Level 4 shuttle buses designed for several passengers are seen by some as offering a better business case than robotaxis, due to the current expense of autonomous hardware and running costs.
Robotaxis may have conquered San Francisco, with a few fender benders here and there as well as the threat of the Cone of Shame. But they're by no means the only SAE Level 4 vehicles we could see on our roads in the near future.
A number of companies, including Cruise, are now working on autonomous shuttles that can carry four or more passengers at once. The shuttles are planned to run along a fixed or a constantly changing route, depending on passengers' needs, and able to pick up new passengers when summoned via app. At least that's the plan. Volkswagen has a similar shuttle in the works, with the ID. Buzz set to take to the streets of Germany in 2024 under the automaker's MOIA unit.
But these aren't the only companies betting on Level 4 technology to transform public transit.
German supplier Schaeffler, along with Holland's VDL Groep, are working on their own autonomous electric shuttle, with plans to roll out the first working examples in 2025. And the two have teamed up with Mobileye, which is set to provide the autonomous driving tech for the shuttle, in plans announced just ahead of the IAA Mobility show in Munich.
Schaeffler, which produces components for electrified powertrains, plans to provide the chassis complete with a battery and steer-by-wire system, while VDL Groep is expected to develop the bus body systems. Mobileye, meanwhile, will provide the autonomous hardware and software, which will include lidar, radar, and cameras necessary for Level 4 driving.
The shuttle bus itself is designed to have a range of 62 miles on a single charge, but will be able to cover 217 miles a day, suggesting a relatively small battery with DC fast-charging capability. The top speed will be only 43 mph, which is perhaps all that's needed for cities, with nine seats inside. With an overall length of 16.4 feet, the shuttle bus will feature two large doors and will be designed to be wheelchair accessible.
"The self-driving shuttles can be ordered by consumers via an app, and are set to change public transport over the next several years," Shaeffler and VDL Groep said. "Demand for self-driving shuttle services is expected to take off in the coming years, especially in many major cities in Europe, North America, and parts of Asia by the end of this century."
That demand remains to be proven, we should note, until the costs of Level 4 vehicles approach those of ride-hailing apps with human drivers.

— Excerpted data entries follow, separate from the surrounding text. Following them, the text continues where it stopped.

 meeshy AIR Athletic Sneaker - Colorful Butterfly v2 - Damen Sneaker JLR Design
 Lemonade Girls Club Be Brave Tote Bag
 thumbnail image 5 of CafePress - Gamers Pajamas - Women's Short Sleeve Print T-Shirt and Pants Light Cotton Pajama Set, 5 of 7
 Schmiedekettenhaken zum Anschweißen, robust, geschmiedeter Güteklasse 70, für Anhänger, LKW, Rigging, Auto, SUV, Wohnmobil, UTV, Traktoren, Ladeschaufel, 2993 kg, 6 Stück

If one thing is clear about this view of urban mobility so far, it's the fact that different developers have largely figured out what these buses will look like, with the major differences at the moment being passenger capacity and seating layout. This is what autonomous shuttle concepts looked like on the drawing boards two decades ago, and this is what prototypes that we already experienced half a decade ago looked like as well.

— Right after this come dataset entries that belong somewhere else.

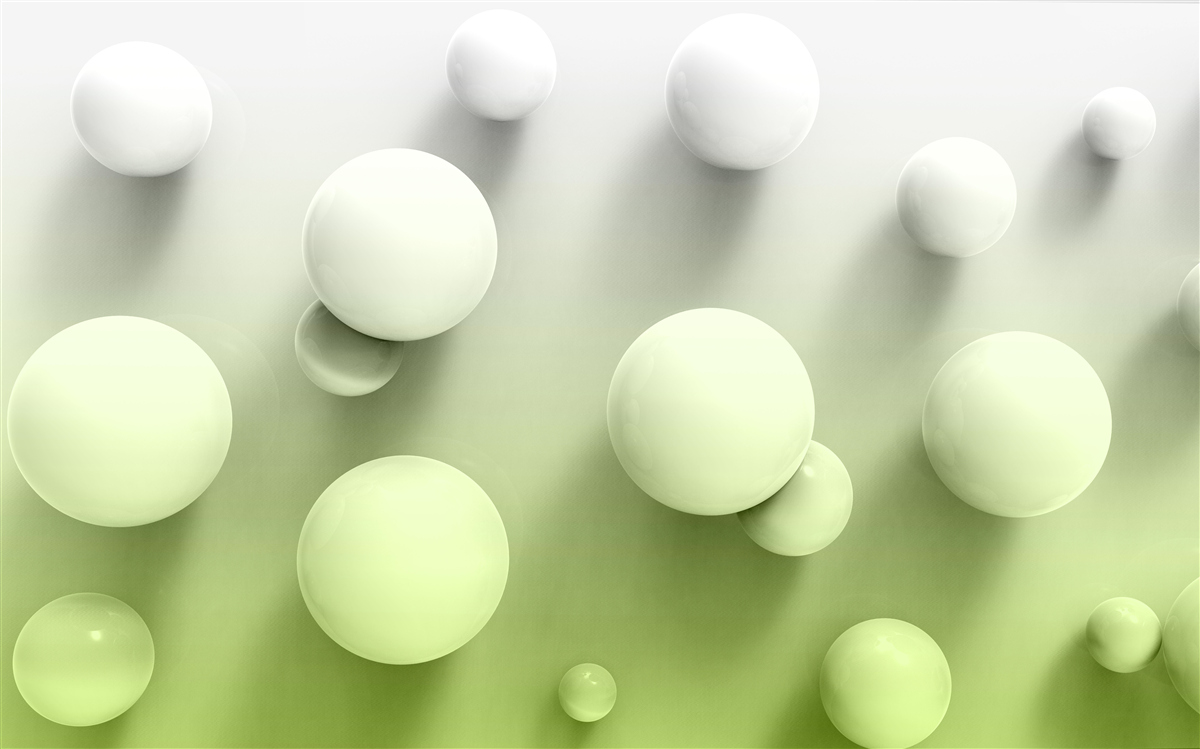 Fototapeta gradientowe pływające białe kulki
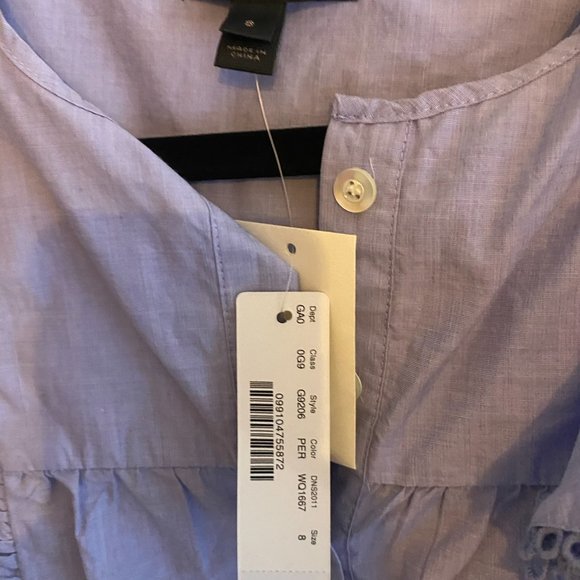 *NWT* J. Crew Ruffle-Front Top - Picture 4 of 4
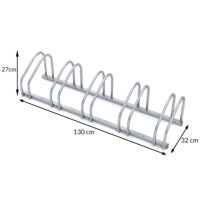 Fahrradständer Veloständer 5 Fahrräder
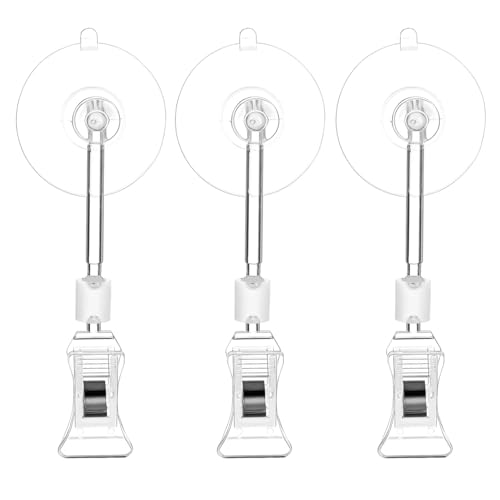 Toddmomy 3 Stücke Aquarium Cup Clips Für Einzelhandel Shop Zeichen Fisch Schläuche Kunststoff Aquarium Zubehör von Toddmomy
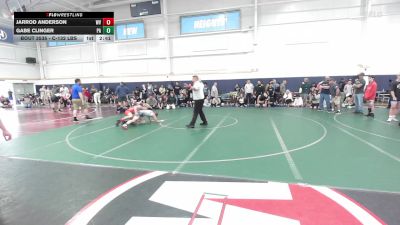 C-132 lbs Round Of 32 - Jarrod Anderson, WV vs Gabe Clinger, PA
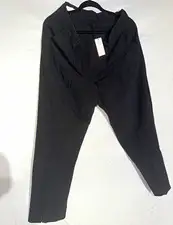Dries Van Noten Men’s Black Solid Cotton Dress Pants Size 40 28" Inseam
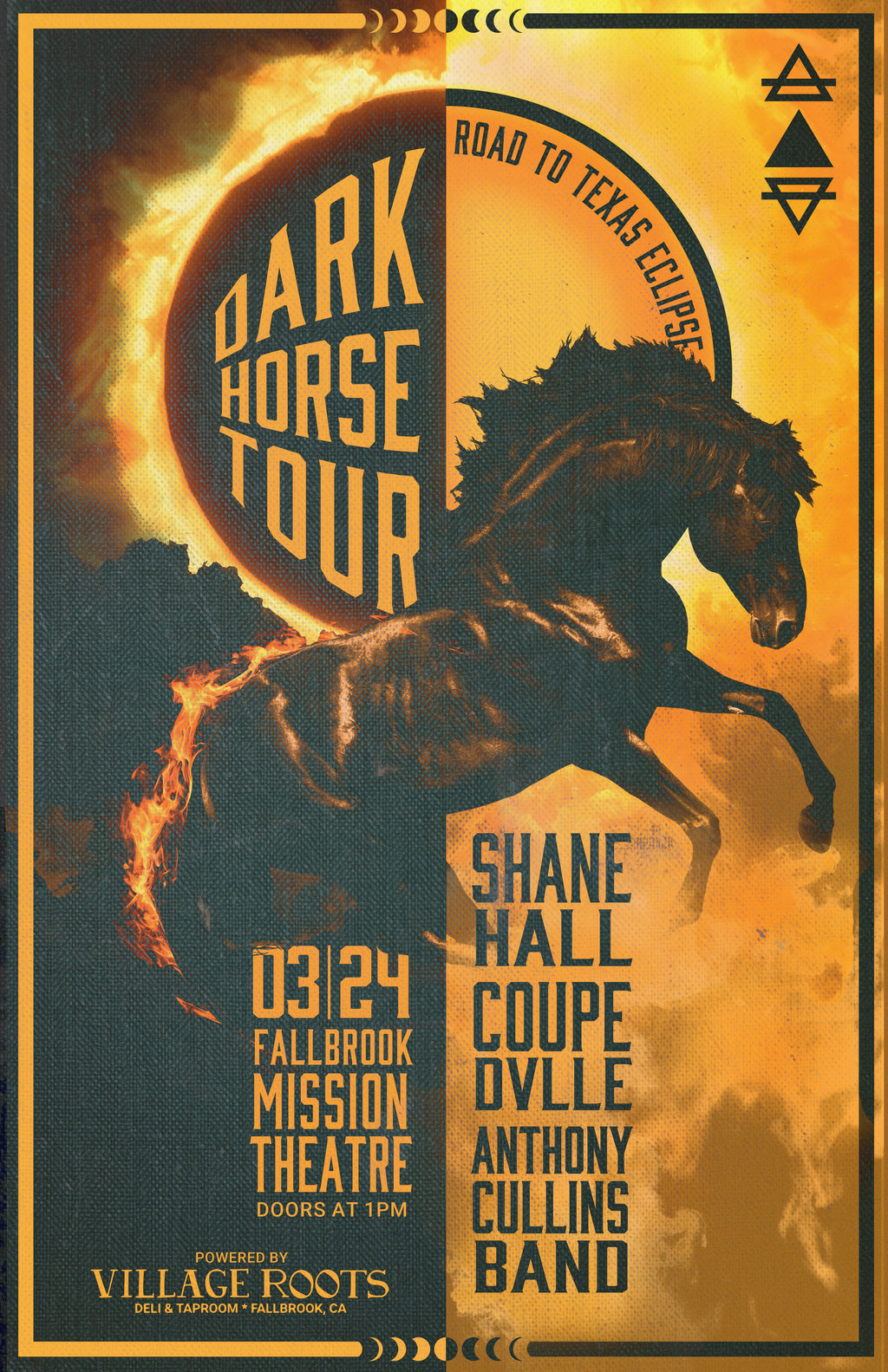 Shane Hall Coupe Dvlle and Anthony Cullins Band Tickets @ Fallbrook Mission Theater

In that time Level 4 autonomous tech—one of the two crucial pieces of the puzzle—has seen the most development, moving from jerky driving in simulated urban environments to actually navigating the streets of major cities with no one behind the wheel.
University campuses and convention centers, meanwhile, have typically served as the proving grounds for experimental vehicles, with public roads envisioned as the next stage.

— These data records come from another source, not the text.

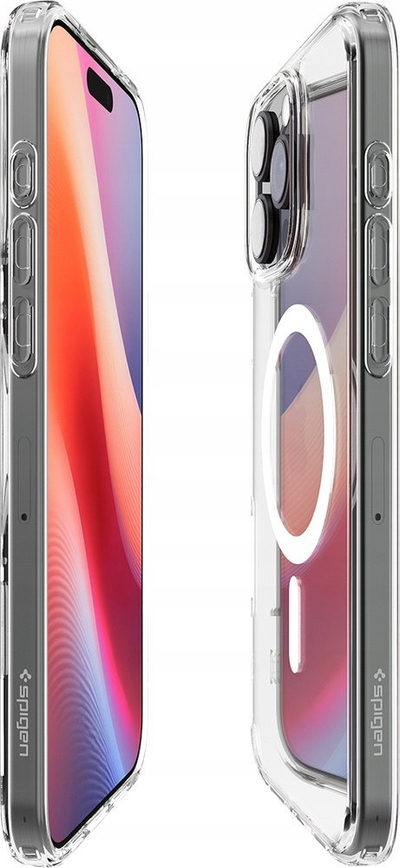 Mbrojtëse telefoni Spigen Crystal Hybrid MagSafe, iPhone 16 Pro Max, transparente, e bardhë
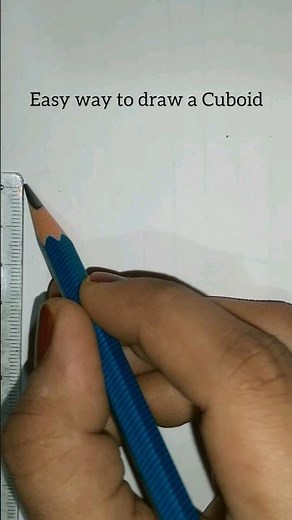 Easy way to draw a Cuboid✏️🤍...#subscribe #shortsfeed #2024 #drawing #art #believer
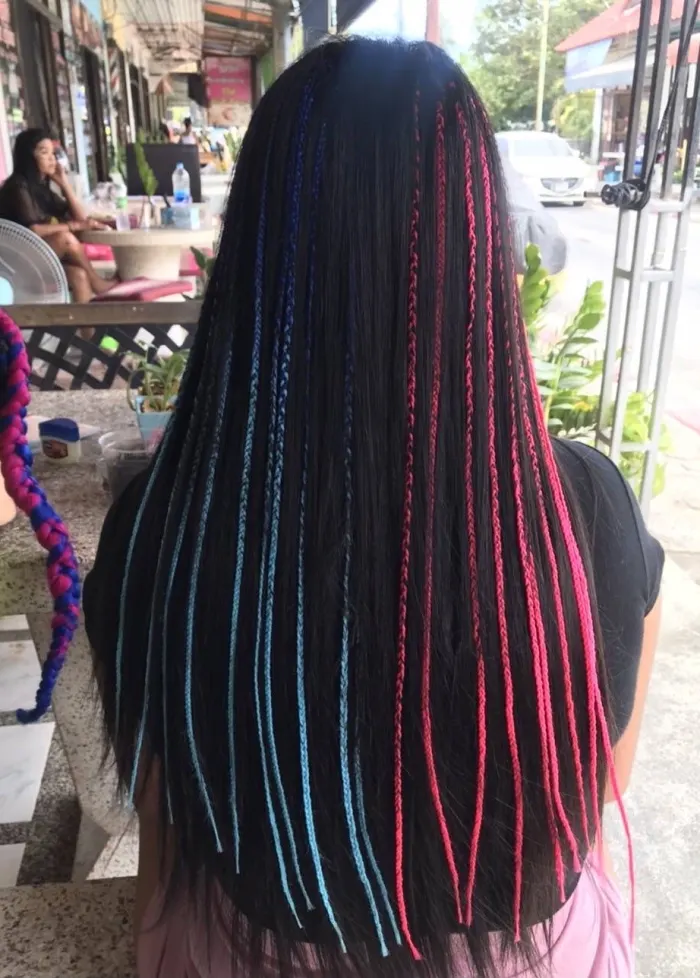 Color Accent Braids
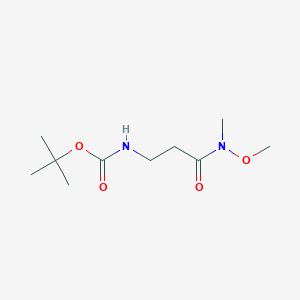 molecular formula C10H20N2O4 B1311926 Tert-butyl (3-(methoxy(methyl)amino)-3-oxopropyl)carbamate CAS No. 142570-56-7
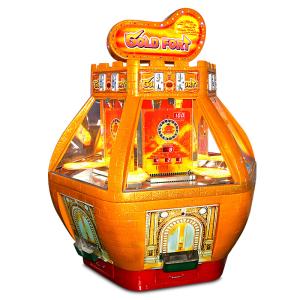 Quality Casino Press Coin Vending Machine , Excavator Gift Tabletop Pinball Machine wholesale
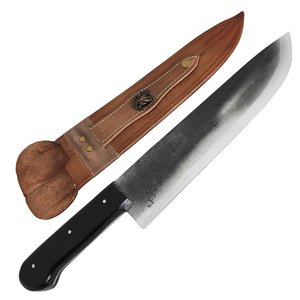Facão de Mato Tradicional 12' Faca Grande Full Tang Lida Artesanal Aço Carbono Cabo Acrilico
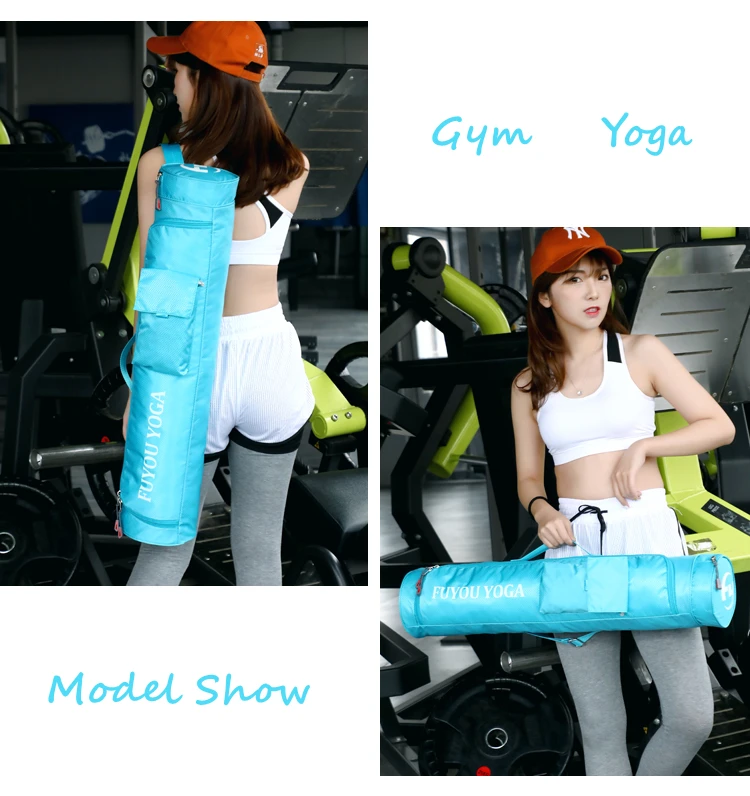 Women Sling Gym Accessories Yoga Mat Cover Tote Bag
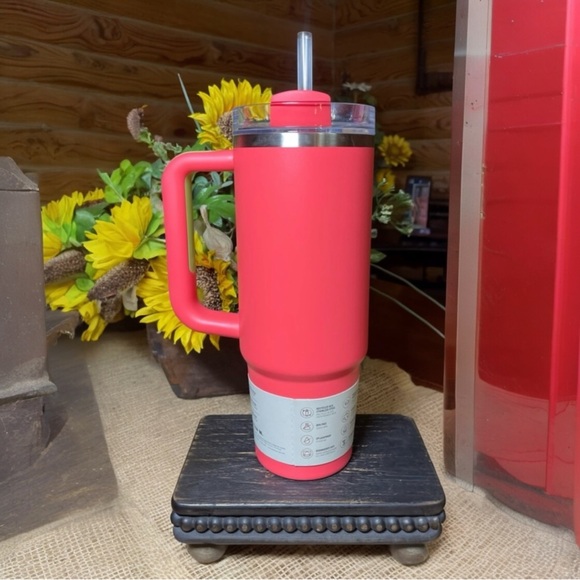 Stanley Hibiscus Heat Wave 2024 Exclusive Collection 40oz Tumbler Free shipping - Picture 5 of 6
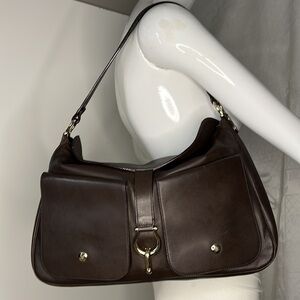 Kate Spade Sutton Perrin Brown Leather Shoulder Bag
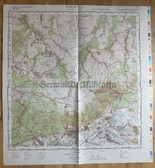 map013 - original East German NVA Army tactical map - c1986 DUBI - CSSR Czechoslovakia with Zinnwald border crossing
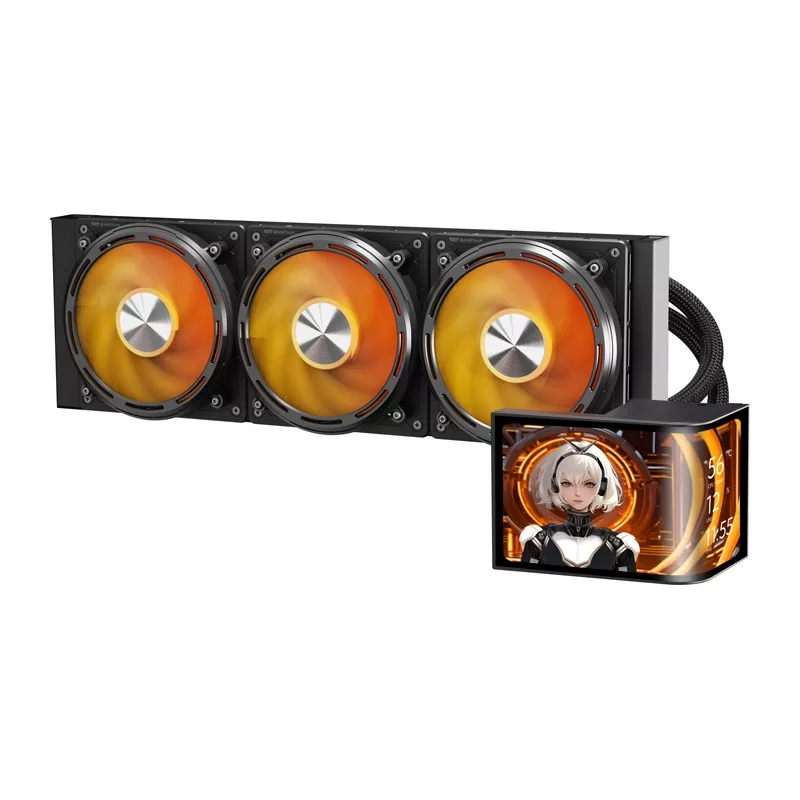 DarkFlash UV360 ψύκτρα CPU, Μαύρο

But the technology needed for Level 4, it appears, has largely been solved, even though some gaps in driving decision-making remain, especially when it comes to construction zones, emergency vehicles, and some more complex traffic patterns.
Of course, the other piece of the puzzle, at least as it concerns smaller robotaxis, has always been profitable operations. This is perhaps where autonomous shuttles will offer an advantage, allowing for shared rides by a small number of passengers.
After all, if the hardware necessary for one vehicle with Level 4 autonomous tech is a fixed cost, then carrying more passengers at a given time will allow the shuttle bus operator to bill more people at once, with the bus automatically figuring out its own route to drop everyone off at their destinations, like a school bus with a constantly changing route.
One tradeoff is that robotaxis can be based on existing vehicles, like the Chevy Bolt, while autonomous shuttle buses are clean-sheet designs and carry greater development and manufacturing costs.
Just where we'll see such vehicles first remains an open question. Germany has already greenlit Level 4 autonomy on its public roads, Schaeffler and VDL Groep say, while similar decisions in the US are being made on a city, county, and state basis, with a few other permits required.
GM's Cruise has a smaller shuttle in the works with a lower passenger capacity, but the hope is the same—carrying several passengers at once along a geofenced but variable route.